» EXTRACTED INFORMATION:
========================
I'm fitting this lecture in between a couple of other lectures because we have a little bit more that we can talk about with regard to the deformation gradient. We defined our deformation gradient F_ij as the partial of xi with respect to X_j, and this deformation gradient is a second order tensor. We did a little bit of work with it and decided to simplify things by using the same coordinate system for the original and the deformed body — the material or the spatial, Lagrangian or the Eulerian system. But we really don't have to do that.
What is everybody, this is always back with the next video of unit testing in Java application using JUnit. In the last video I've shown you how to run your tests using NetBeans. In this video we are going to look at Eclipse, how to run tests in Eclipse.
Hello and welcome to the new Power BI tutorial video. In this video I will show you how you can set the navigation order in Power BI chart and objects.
========================
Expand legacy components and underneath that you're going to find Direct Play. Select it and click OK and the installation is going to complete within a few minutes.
========================
» EXERCISE DETAILS: Look through the data above. Copy every line with the string "this" in it.

» REPLY:
I'm fitting this lecture in between a couple of other lectures because we have a little bit more that we can talk about with regard to the deformation gradient. We defined our deformation gradient F_ij as the partial of xi with respect to X_j, and this deformation gradient is a second order tensor. We did a little bit of work with it and decided to simplify things by using the same coordinate system for the original and the deformed body — the material or the spatial, Lagrangian or the Eulerian system. But we really don't have to do that.
What is everybody, this is always back with the next video of unit testing in Java application using JUnit. In the last video I've shown you how to run your tests using NetBeans. In this video we are going to look at Eclipse, how to run tests in Eclipse.
Hello and welcome to the new Power BI tutorial video. In this video I will show you how you can set the navigation order in Power BI chart and objects.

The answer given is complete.